Tip #14: Build a personal brand and showcase your unique strengths

Just as companies tap into employer branding, you should create one for yourself. As a potential employee entering the workforce, building your personal brand to showcase your strengths is of the essence. This can be done in numerous ways. Optimise your professional profiles online (see Tip 4) and work on your portfolio. Regardless, employers want to see tangible results like examples. You can create a website or simply a pdf where you write down your strengths and  also showcase them. Many website builders give you a free option to create your own!

Tip #15: Build a professional wardrobe

Here's a fun tip! As mentioned earlier (see Tip 8), first impressions are critical, and clothes can have an influence. As you enter the workforce and leave student life, you should also switch up your wardrobe: put your hoodies and sweatpants on your shelves and make room for some shirts, classy pants, and blazers. Yet, if this sounds very far from you, it can also hint at the environment you wish to work in. Many jobs still require a dress code - business professional, business casual, or casual. There's also a not-so-new trend of business attire that involves pyjama pants if you work remotely - that's a choice you can make yourself. 

Tip #16: Develop digital literacy

Despite of your chosen industry, technology has permeated every field. Hence, the need for tech-savvy employees is in constant demand. Many times, you'll see various tech knowledge requirements in job descriptions, and adding them to your resume or LinkedIn profile will instantly put you higher than those that lack them. Knowing Microsoft 365 is a no-brainer and it's a huge plus if you're acquainted with Adobe Software - the more the merrier. Do you know how to build a website? - make it known. Have you learned programming languages, such as Javascript or Python? - emphasise that.

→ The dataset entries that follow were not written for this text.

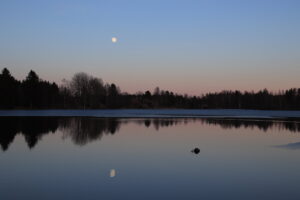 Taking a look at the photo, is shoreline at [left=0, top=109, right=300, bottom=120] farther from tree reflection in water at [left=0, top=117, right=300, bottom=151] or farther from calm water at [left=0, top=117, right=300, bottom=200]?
Answer: calm water at [left=0, top=117, right=300, bottom=200]

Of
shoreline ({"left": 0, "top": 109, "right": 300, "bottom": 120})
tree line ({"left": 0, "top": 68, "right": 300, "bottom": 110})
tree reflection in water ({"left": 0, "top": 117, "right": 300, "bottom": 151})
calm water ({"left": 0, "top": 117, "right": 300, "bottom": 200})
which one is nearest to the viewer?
calm water ({"left": 0, "top": 117, "right": 300, "bottom": 200})

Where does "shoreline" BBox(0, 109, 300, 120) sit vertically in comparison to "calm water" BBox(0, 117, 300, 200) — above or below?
above

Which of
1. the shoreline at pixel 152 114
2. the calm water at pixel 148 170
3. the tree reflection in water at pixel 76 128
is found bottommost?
the calm water at pixel 148 170

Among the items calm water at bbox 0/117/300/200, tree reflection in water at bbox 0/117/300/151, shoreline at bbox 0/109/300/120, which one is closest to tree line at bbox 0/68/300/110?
shoreline at bbox 0/109/300/120

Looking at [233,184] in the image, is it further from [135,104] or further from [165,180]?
[135,104]

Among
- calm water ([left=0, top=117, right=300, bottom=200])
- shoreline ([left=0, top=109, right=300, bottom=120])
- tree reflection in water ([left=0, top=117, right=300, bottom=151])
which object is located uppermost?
shoreline ([left=0, top=109, right=300, bottom=120])

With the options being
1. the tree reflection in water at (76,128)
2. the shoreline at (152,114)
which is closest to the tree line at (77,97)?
the shoreline at (152,114)

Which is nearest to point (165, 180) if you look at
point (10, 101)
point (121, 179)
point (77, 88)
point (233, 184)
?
point (121, 179)

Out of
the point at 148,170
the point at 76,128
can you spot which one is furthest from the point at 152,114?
the point at 148,170

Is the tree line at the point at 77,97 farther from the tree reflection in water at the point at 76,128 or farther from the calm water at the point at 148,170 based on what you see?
the calm water at the point at 148,170

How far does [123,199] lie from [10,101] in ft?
324

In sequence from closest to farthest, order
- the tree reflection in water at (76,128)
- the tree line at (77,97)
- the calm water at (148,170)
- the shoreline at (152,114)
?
the calm water at (148,170), the tree reflection in water at (76,128), the shoreline at (152,114), the tree line at (77,97)

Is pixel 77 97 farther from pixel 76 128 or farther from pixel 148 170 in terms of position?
pixel 148 170

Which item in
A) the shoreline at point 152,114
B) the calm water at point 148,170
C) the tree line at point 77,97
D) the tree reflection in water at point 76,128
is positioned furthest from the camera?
the tree line at point 77,97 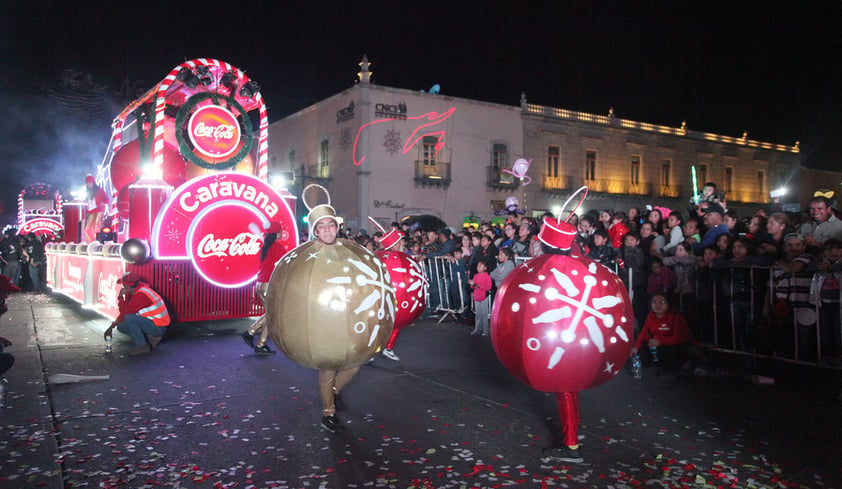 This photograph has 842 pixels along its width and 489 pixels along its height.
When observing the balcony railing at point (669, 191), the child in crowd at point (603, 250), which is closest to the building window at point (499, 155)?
the balcony railing at point (669, 191)

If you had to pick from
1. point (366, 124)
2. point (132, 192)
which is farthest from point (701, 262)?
point (366, 124)

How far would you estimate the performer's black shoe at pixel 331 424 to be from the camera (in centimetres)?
477

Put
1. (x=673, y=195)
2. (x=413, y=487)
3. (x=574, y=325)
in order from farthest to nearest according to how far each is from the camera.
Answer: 1. (x=673, y=195)
2. (x=574, y=325)
3. (x=413, y=487)

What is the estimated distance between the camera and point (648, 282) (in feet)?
27.0

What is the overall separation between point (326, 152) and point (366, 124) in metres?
3.94

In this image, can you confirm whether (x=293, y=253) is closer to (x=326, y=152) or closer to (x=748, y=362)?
(x=748, y=362)

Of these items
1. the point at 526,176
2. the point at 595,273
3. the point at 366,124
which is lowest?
the point at 595,273

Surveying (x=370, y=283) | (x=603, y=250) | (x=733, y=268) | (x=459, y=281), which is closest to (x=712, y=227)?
(x=733, y=268)

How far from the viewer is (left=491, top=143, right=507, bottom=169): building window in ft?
99.8

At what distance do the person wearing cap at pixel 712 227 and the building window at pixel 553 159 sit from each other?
23171 millimetres

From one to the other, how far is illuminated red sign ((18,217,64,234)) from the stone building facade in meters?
10.9

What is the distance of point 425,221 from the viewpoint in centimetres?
2856

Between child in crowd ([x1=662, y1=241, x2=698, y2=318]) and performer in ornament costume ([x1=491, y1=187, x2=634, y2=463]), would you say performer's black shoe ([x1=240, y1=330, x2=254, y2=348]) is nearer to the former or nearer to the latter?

Additionally, with the emergence and growth in the popularity of AI software, staying updated and learning about AI is also becoming essential. 

Tip #17: Work on your soft skills 

Working on your technical skills shouldn't overshadow the importance of acquiring soft skills. With the fast-evolving job market with a constant need for development and innovation, employers are searching for creative and flexible minds. Working on your soft skills is significant for your professional and personal life. Revisit your experiences and projects you've worked on during or outside your university. You'll find that you have already acquired many substantial soft skills necessary for today's workplace. 

[Additional Reading: read Top Soft Skills in Resume in 2023 (+ How to Acquire Them) for a detailed list and tips on how to work on your soft skills]

Tip #18: Gain intercultural competence by travelling, studying/working abroad opportunities, and having a diverse circle of connections

Intercultural competence is perhaps something you've already acquired during your studies if you were in an international environment. Regardless, it's a necessary and demanded skill to show as the workforce has become international and diverse. There are ways to gain intercultural competence outside your university. It can be travelling on a budget or, even better, taking up work or study abroad opportunities whenever possible. Moving to a different country teaches you much more than travelling as a tourist could.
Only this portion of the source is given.